Apparently not. UK Economic output fell by 0.8 per cent quarter-on-quarter in the three months to June, after a 2.4 per cent decline in the first quarter, according to the Office for National Statistics’ “flash” first estimate of GDP. This was a much bigger drop than economists had expected.
As you will see from the graph below, although lower than the fall last quarter, it is higher than the correspondin figure last year, which means we have now had the biggest year on year drop (5.6%) since records began. So no green shoots yet.
But then I don’t really have much faith in economists who often seem unable to see the wood from the trees, and the same goes for economics journalists, including Sam Brittan of the FT, probably the oldest teenage scribbler in town. In his latest article in the other pink paper, Mr Brittan pours cold water on the size of the budget deficit.
Never mind that the debt ratio was far higher not only after and between the two world wars, but in the supposedly virtuous mid-Victorian period. Never mind the historian Lord Macaulay’s mockery of the debt obsession. This is clearly far from what the Labour government intended when it came to office in 1997 full of talk of “prudence for a purpose”.

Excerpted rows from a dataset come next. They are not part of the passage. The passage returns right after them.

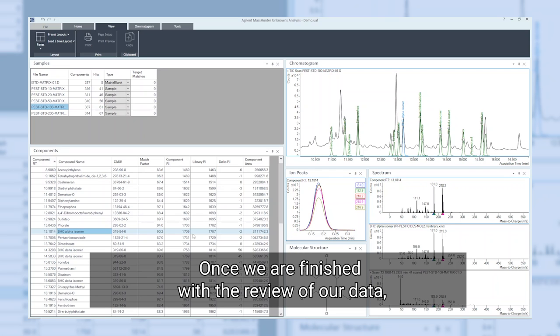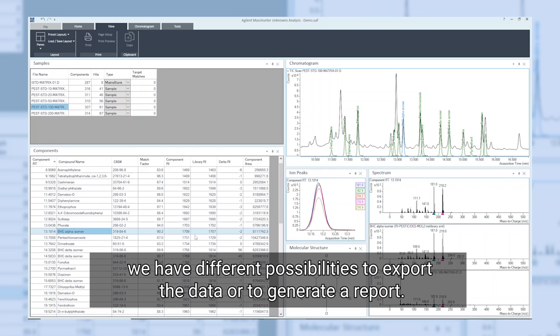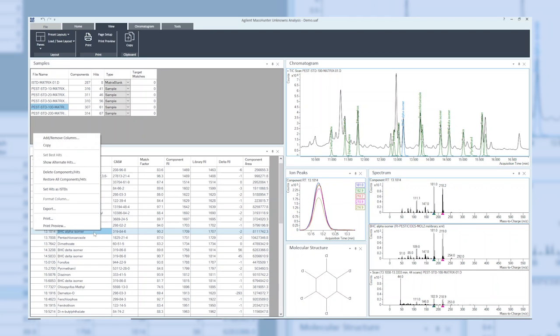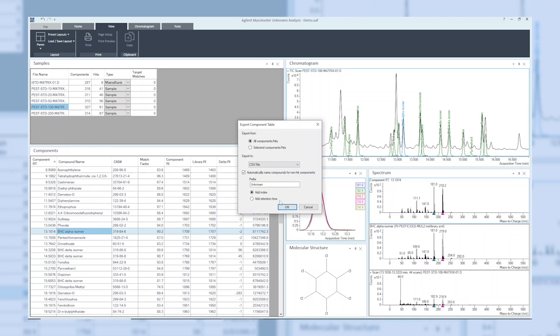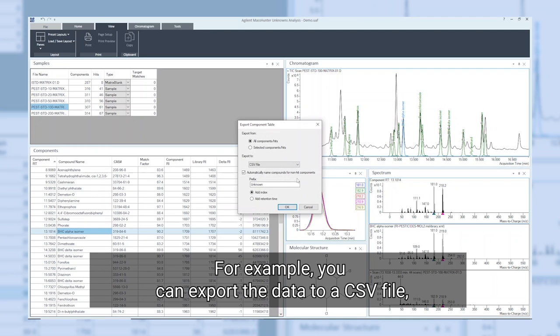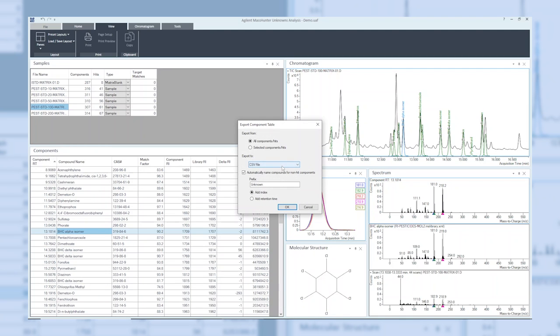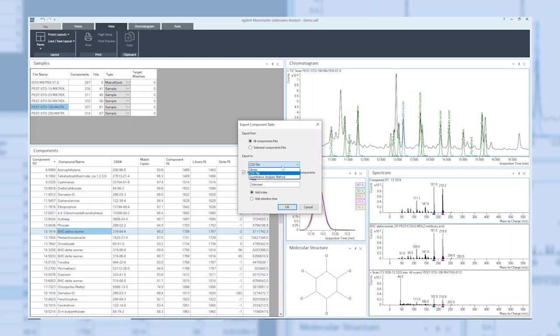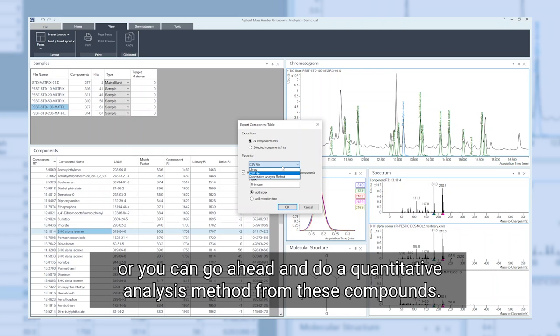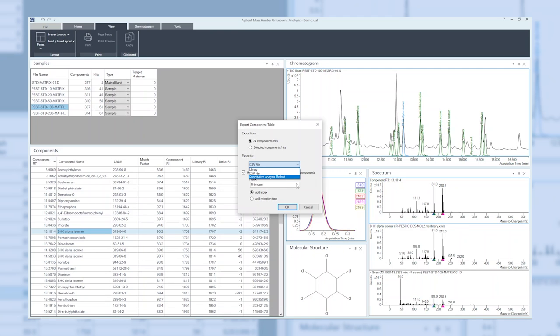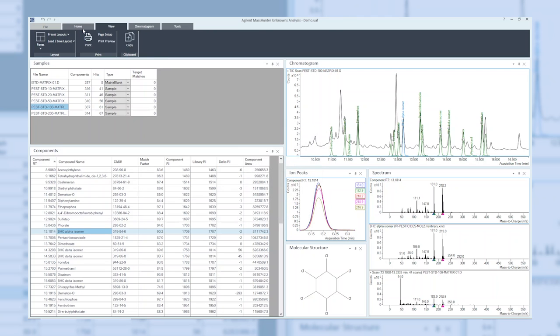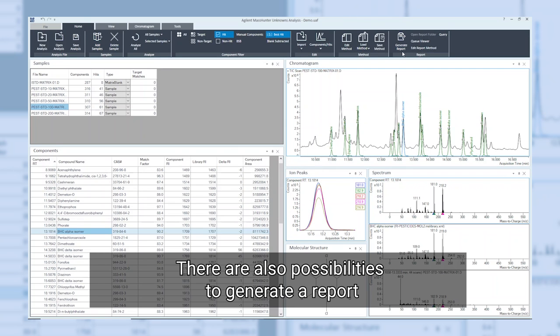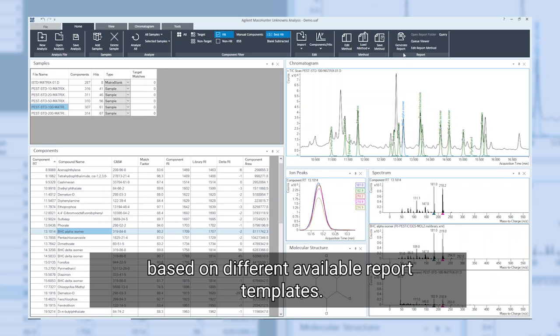Once we are finished with the review of our data, we have different possibilities to export the data or to generate a report. For example, you can export the data to a CSV file, directly to a library, or you can go ahead and create a quantitative analysis method from these compounds. There are also possibilities to generate a report based on different available report templates.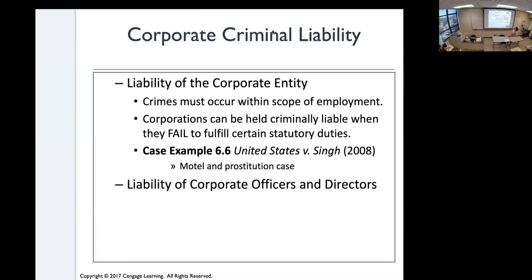A textbook example: United States v. Sin. Sin owned a motel and rented rooms hourly, and the customers were prostitutes and their johns. The hotel owner was held criminally liable because he knowingly provided the space for a criminal act to occur. He also gave discount rates to repeat customers — essentially facilitating the crime.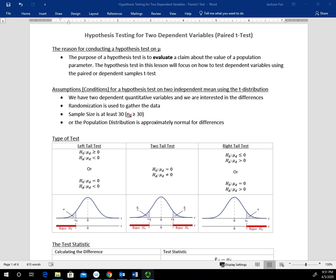There are some assumptions or conditions that we have to meet in order to perform the hypothesis test using the paired t-test. The first is that we have two dependent quantitative variables and we're interested in the differences. The second is that randomization was used to gather the data. The third has two parts: the sample size for the number of differences (n sub d) is at least 30, or the population distribution is approximately normal for the differences. The mu sub zero value we're predominantly going to use is zero when talking about the population mean for the differences, and the hypothesis statements are the same as before.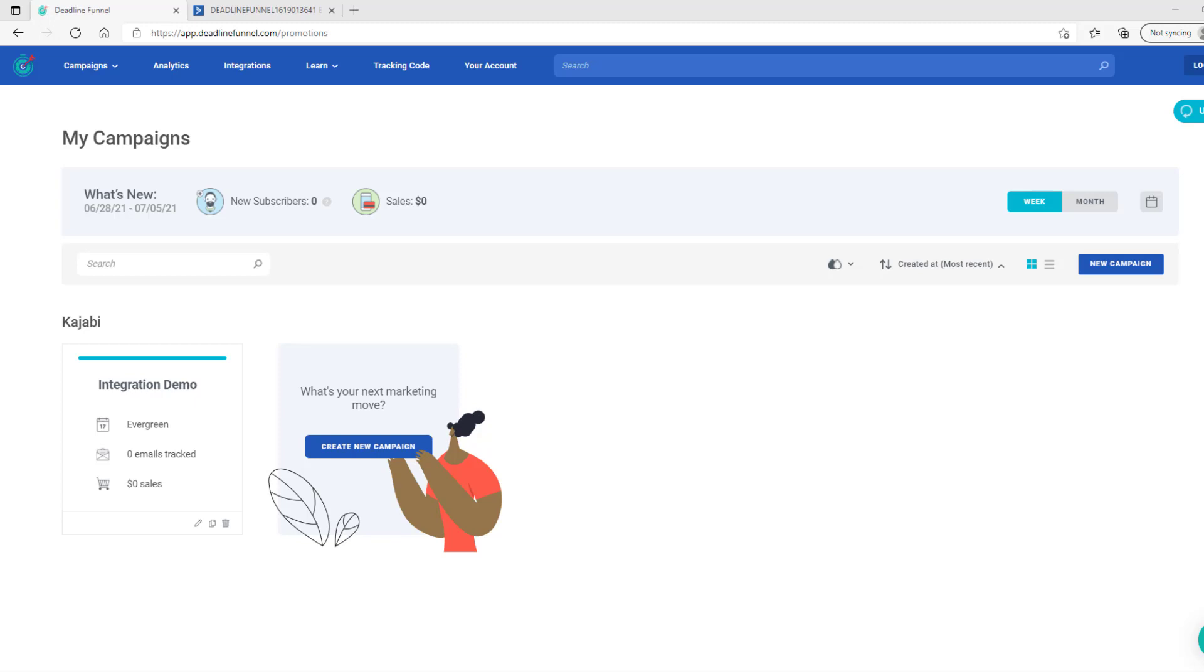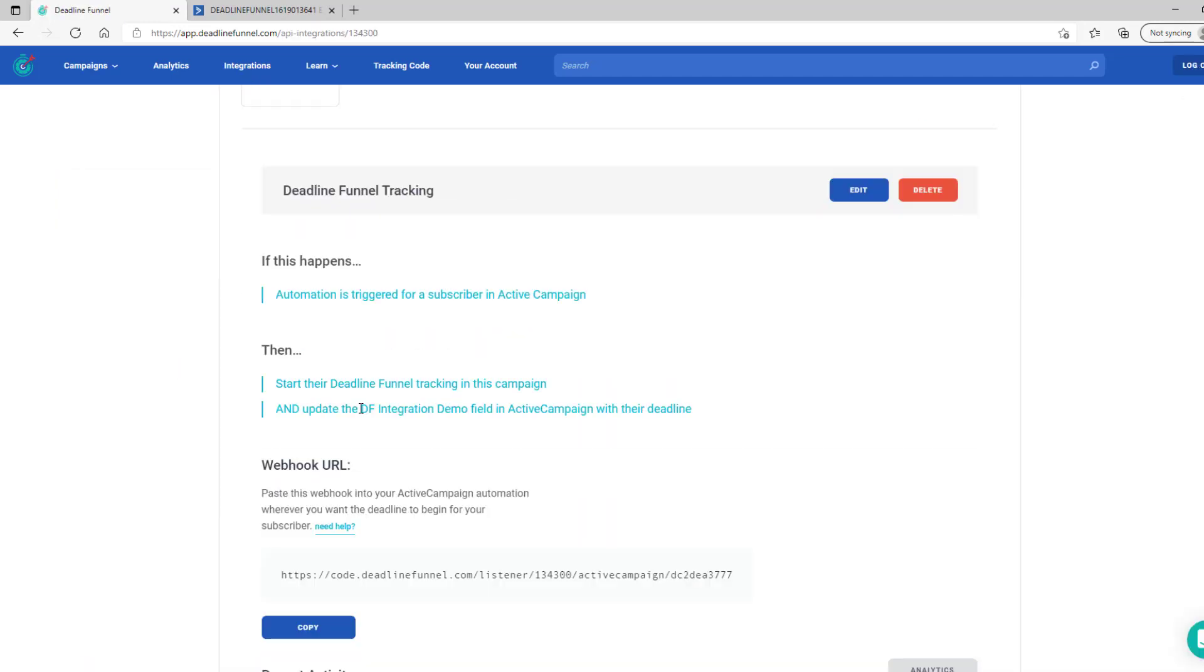First, we'll need to know the name of the custom field within ActiveCampaign associated with this deadline funnel campaign. If you don't remember what you set that up to be, you can click on Integrations, click on your campaign, click on ActiveCampaign, and it will tell you the name of the custom field right in this location. In this case, it's DF Integration Demo.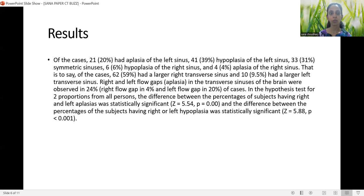In the hypothesis test for two proportions, the difference between percentages of subjects having right and left aplasia was statistically significant with a z-score of 5.54 and a p-value of 0. The difference between percentages of subjects having right or left hypoplasia was also statistically significant with a z-score of 5.88 and a p-value of less than 0.001.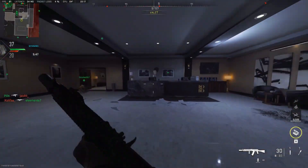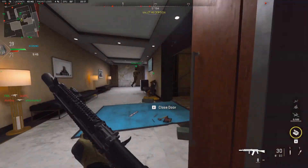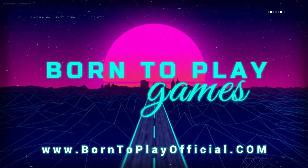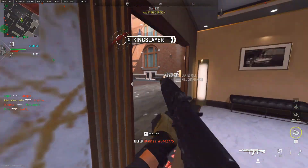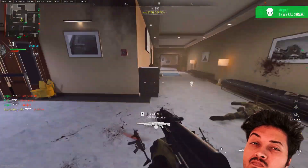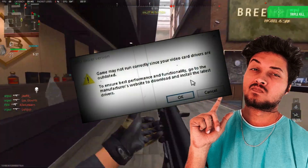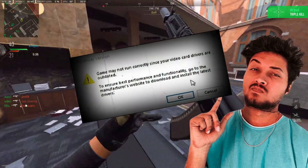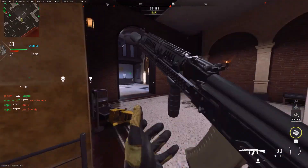Hello Gamers, welcome to my YouTube gaming channel born2playgames. In this particular video I am going to tell you about how you can fix the GPU driver outdated version error. Without wasting any time, let's start the video.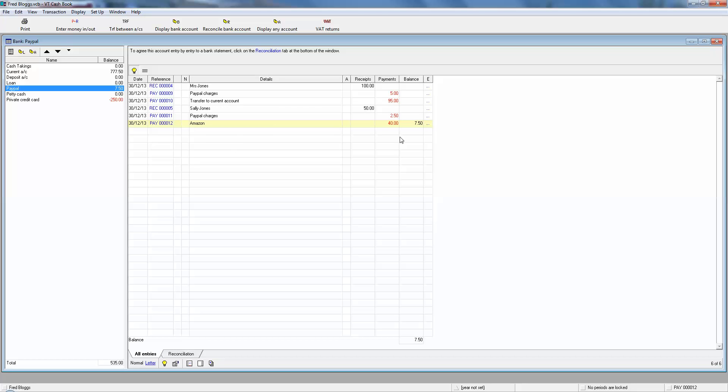Of course, all these should mirror your online banking screen for your PayPal account. If PayPal isn't showing they owe you seven pounds fifty, you've got a problem. Again, you've not put something on properly. So that now covers the basics of PayPal.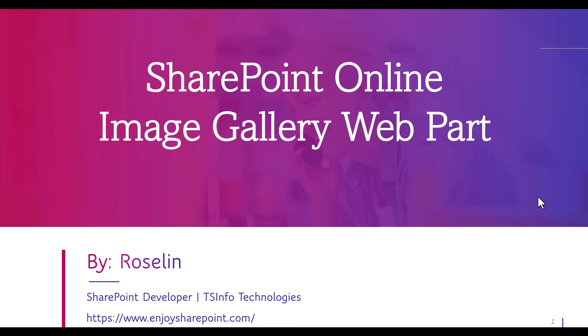Hello everyone, welcome to this SharePoint Online Tutorial. In this video we will learn about the SharePoint Online Image Gallery Webpart.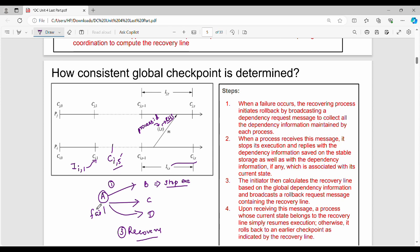Step three is to compute the recovery line. Step four is also to compute and finalize the recovery line based on collected dependency information.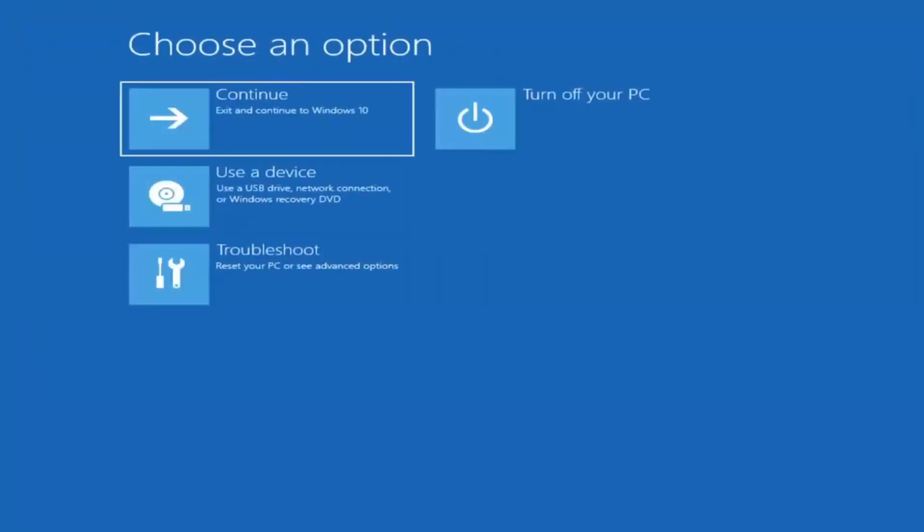First thing I'd recommend doing would be to boot to the troubleshooting utility on Windows 11. If you do a hard power off three times in a row, Windows should automatically launch the startup repair utility and if it doesn't find anything it will give you the option to select advanced settings which would take you to a screen that looks like this.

Which misses the point. Immediately after the two world wars the country like other world powers was saddled with large debts from the war and had a smaller peacetime economy due to the disruption of the war, but we saw the economy grow rapidly thereafter.
In the mid 19th century Britain (the country, not the man) enjoyed a fast rate of economic growth. Government borrowing was high to fund the development of overseas possessions which was repaid through access to low cost labour and vast natural resources from the Empire.
We are living in a different age now. We are a middle sized power in a post-industrial age with few competitive advantages, having lived through a long period of relative stability. To drive the country so badly into debt and leave our children to pick up the ill is reckless in the extreme. iven the high proportion of state spending, the more apropriate comparison is not with 19th or early 20th century Bitain, but with 1980's Eastern Europe.
To expect the Chinese to keep the salaries of their civil servants low and yet continue to finance the cost of our own, is naive at best.